Peu de musiciens peuvent se targuer, quel que soit leur champ esthétique,
d'avoir vécu avec tant d'enthousiasme et d'acharnement, de jusqu'au-boutisme
et d'ambition, leur initiation à la musique. Conscient d'avoir
été entraîné par une énergie vitale,
David n'en tire aucune fierté, trop heureux de s'être saisi
de cette possibilité de renaître à lui-même.

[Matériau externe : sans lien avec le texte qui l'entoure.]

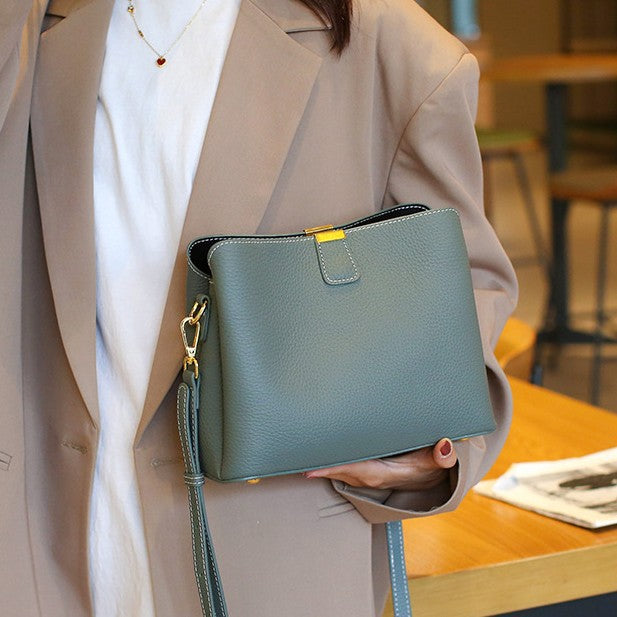 Women's First Layer Cowhide High-grade Design Large Women's Handbag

La musique, en effet, lui est apparue comme un fil d'espoir avec lequel
retisser les lambeaux d'une existence éclatée et refermer
les plaies d'une angoisse profonde et d'une tristesse inconsolable. C'est
grâce à elle que s'unifie enfin son histoire, que s'assemblent
subitement les pièces d'un puzzle qui semblaient ne jamais devoir
se correspondre, et que David El-Malek peut retrouver ce temps perdu
qu'il a si longtemps recherché.
Music from Source - Comme il l'a été autrefois pour
Charlie Parker, John Coltrane ou Sonny Rollins, solistes intarissables
souvent réservés au quotidien, pour David El-Malek, le saxophone
est devenu une extension de lui-même, le vecteur de ces mots qu'il
a longtemps été incapables d'énoncer. Si son discours
d'improvisateur est si clair, s'il semble animé par une urgence
intérieure, c'est qu'il porte une voix sincère qui a trouvé
le moyen de s'exprimer. C'est aussi qu'il s'épanche au travers
de l'instrument comme une libération du verbe. Mais le cheminement
de David est loin d'être terminé. Boulimique de musique,
avide de savoir, il étudie l'orchestration, s'initie à l'écriture
classique, s'intéresse de près aux transcriptions pour saxophone
d'uvres classiques, car il a maintenant le désir de faire
se rejoindre ses talents de jazzman avec ce patrimoine intime de chansons
qu'il veut transmettre au monde telles qu'il les entend en lui-même
: jouées par un orchestre symphonique.
Epaulé par l'arrangeur Christophe Dal Sasso, il s'est lancé
dans cette aventure de Music from Source avec une ardeur à
déplacer les montagnes du Sinaï. La première de ce
programme avec l'Orchestre national de Lyon en avril 2004 dans l'Auditorium
de la ville s'est révélée un moment bouleversant
qui n'a fait que redoubler son envie d'aller plus avant. Quand l'orchestre
s'est ébranlé, c'est toute une mémoire qui s'est
éveillée et souvenue d'une enfance au soleil méditerranéen,
libérant le chant bouleversant d'une âme entrée en
vibration. Car c'est bien de lyrisme qu'il s'agit, et d'appropriation
: David El-Malek ne poursuit ni les architectures savantes, ni les développements
complexes. Ce qu'il recherche dans l'environnement symphonique, c'est
l'incomparable puissance de la masse instrumentale, sa capacité
à submerger l'auditeur, les gammes de couleurs qui offriront à
ces airs toute la résonance qu'ils méritent. Porté
par l'orchestre et son quartette, il veut au saxophone habiter chacune
des notes de ces chansons, les faire rayonner, les projeter comme une
série d'images évocatrices d'une terre séculaire,
berceau d'humanité. Si le résultat paraît trop simple
ou trop sentimental à certains, c'est qu'ils n'auront pas compris
son ambition, ni l'engagement sincère qui l'anime. Comme dans le
« Focus » de Stan Getz ou le « Winter Moon » d'Art
Pepper, l'orchestre vient envelopper son saxophone pour le pousser à
toucher du doigt cette forme d'évidence sensible où les
frontières entre le jazz, les mélodies populaires et l'écriture
symphonique s'estompent au profit d'une musique unifiée.
Music from Source - David El-Malek joue ces chansons simples comme
d'autres chantaient les déboires et les maigres bonheurs de leur
quotidien. C'est son blues à lui, cet ancrage de la vie dans une
mélancolie profonde, ce lien au chant comme à un espoir,
cette expérience cathartique au travers de la chanson d'un peuple
arraché à sa terre et dépossédé de
toute langue maternelle. Il joue cette musique comme l'ont toujours fait
les plus grands jazzmen, en s'y abandonnant corps et âme, en se
dévouant totalement à son accomplissement, en laissant parler
son instinct plutôt que sa raison. Rares sont les artistes qui entretiennent
un lien aussi intime et aussi fort entre leur art et leur existence ;
rares sont les musiciens chez qui les notes sont chargées de tant
de sens et d'émotion ; rares sont les moments où la musique
semble si littéralement couler de source.